ATM cards have been a very early and good example of two-factor authentication (2FA). You know, that thing that websites ask you to do? Like get a text message when you sign in so there is an extra step to protect your account.
2FA is typically two parts:
- Something you know (a password)
- Something you have (a pre-authenticated phone, a thumb print, a physical token)
The password for an ATM is your PIN and the token you have is the ATM card. However, the card isn’t that great of a token. Not only can it be lost or stolen easily, it can be stolen while you still have it. Check out Krebs on Security’s post Why I Always Tug on the ATM.

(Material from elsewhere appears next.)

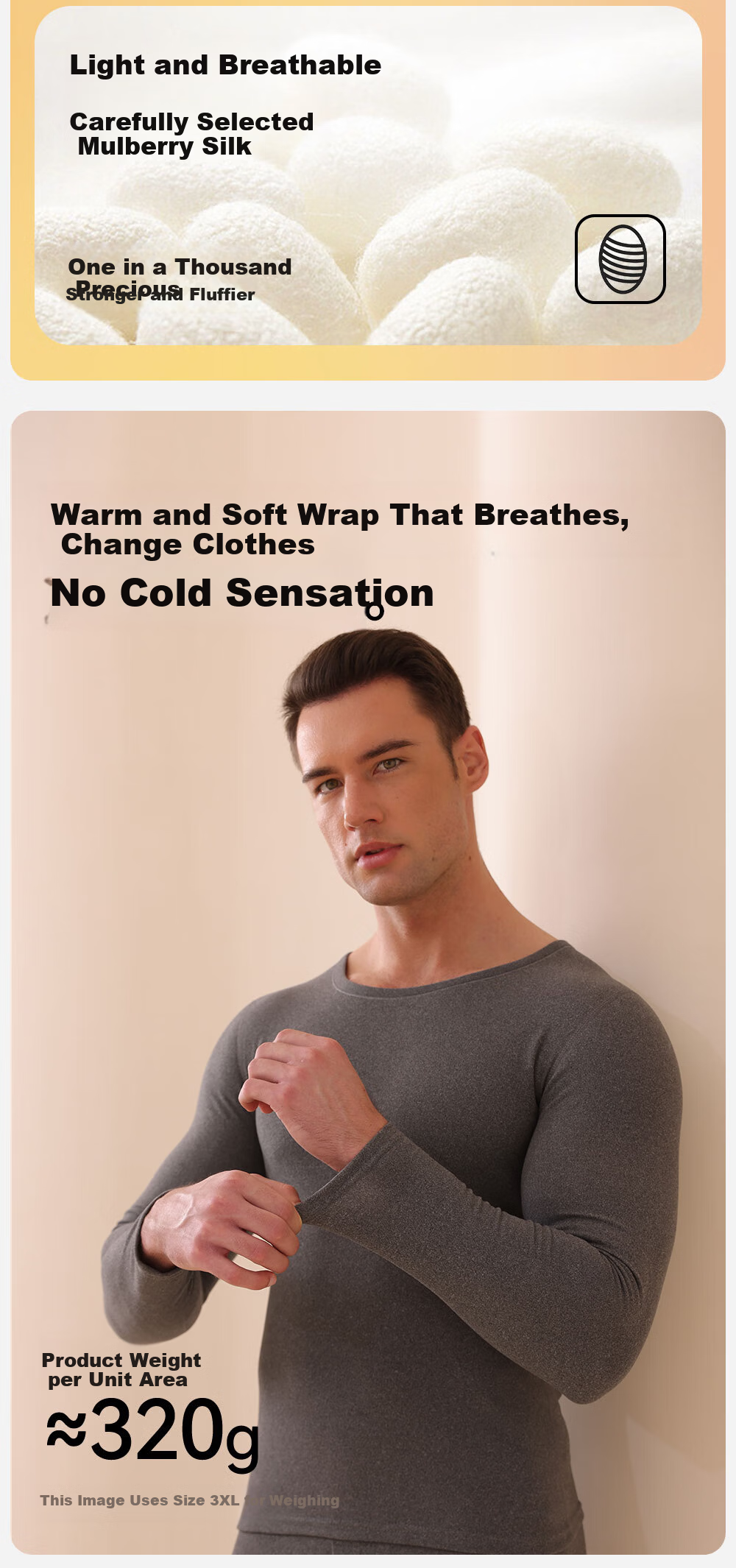 Urban Beauty [Wool and Silk] Men's Thermal Underwear 7A Antibacterial Autumn Winter Fleece Thickened Anti-Static Top and Bottom Set 7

This week I went through the process of getting money out of a Wells Fargo ATM without using a card. The first time I used the Wells Fargo app for the process, it sent my phone an authentication text message, which I think is a casual way of re-verifying that the device is, in fact, the one that I’ve already authenticated with my username, password, and Touch ID. After that, it generated a 10 digit number that is valid for the strangely long time of 30 minutes (I’d have thought that 30 seconds would have been the right choice). That 10 digit number serves as a one time password (or a OTP as we call it in the biz) which must be paired with the defined and existing PIN on your checking account to function. Once it’s used, that number will not function again.
I hope more banks do this. Even though, I rarely ever use cash. That’s going the way of the dinosaur eventually.